Responding to a DARPA BAA: From Proposer's Day to White Paper to Full Proposal
March 19, 2026 · 10 min read
Jared Klein
Fewer than one in five white papers submitted to a DARPA Broad Agency Announcement result in an invitation to submit a full proposal. Of those full proposals, roughly half receive funding. Run the numbers and the reality is stark: the pipeline from first reading a BAA to holding a signed contract has a success rate somewhere south of ten percent. Yet the organizations that win DARPA awards consistently are not necessarily the largest or best-funded -- they are the ones that understand that the BAA response process is a campaign, not a document.
That campaign starts months before a single word of proposal text gets written.
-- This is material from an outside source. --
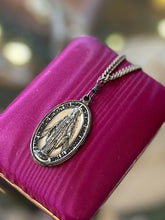 Load image into Gallery viewer, Vintage Signed CREED Sterling Silver Miraculous Mary Pray For Us 1830 Religious Medal Pendant Necklace 23.5”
It begins with Proposers' Day, moves through white paper submission and program manager engagement, and culminates in a full proposal that has already been shaped by dialogue and strategic positioning. Each stage has its own logic, its own failure modes, and its own opportunities to build competitive advantage. This is how the process works -- and where most teams go wrong.
How DARPA BAAs Actually Work
DARPA does not operate like NIH or NSF. There are no standing study sections, no percentile cutoffs, no A0/A1 resubmission cycles. Instead, DARPA uses Broad Agency Announcements -- open solicitations that describe a research problem and invite proposals from anyone who can solve it. Each proposal is evaluated on its own merit against the BAA's stated criteria, not ranked against competing submissions.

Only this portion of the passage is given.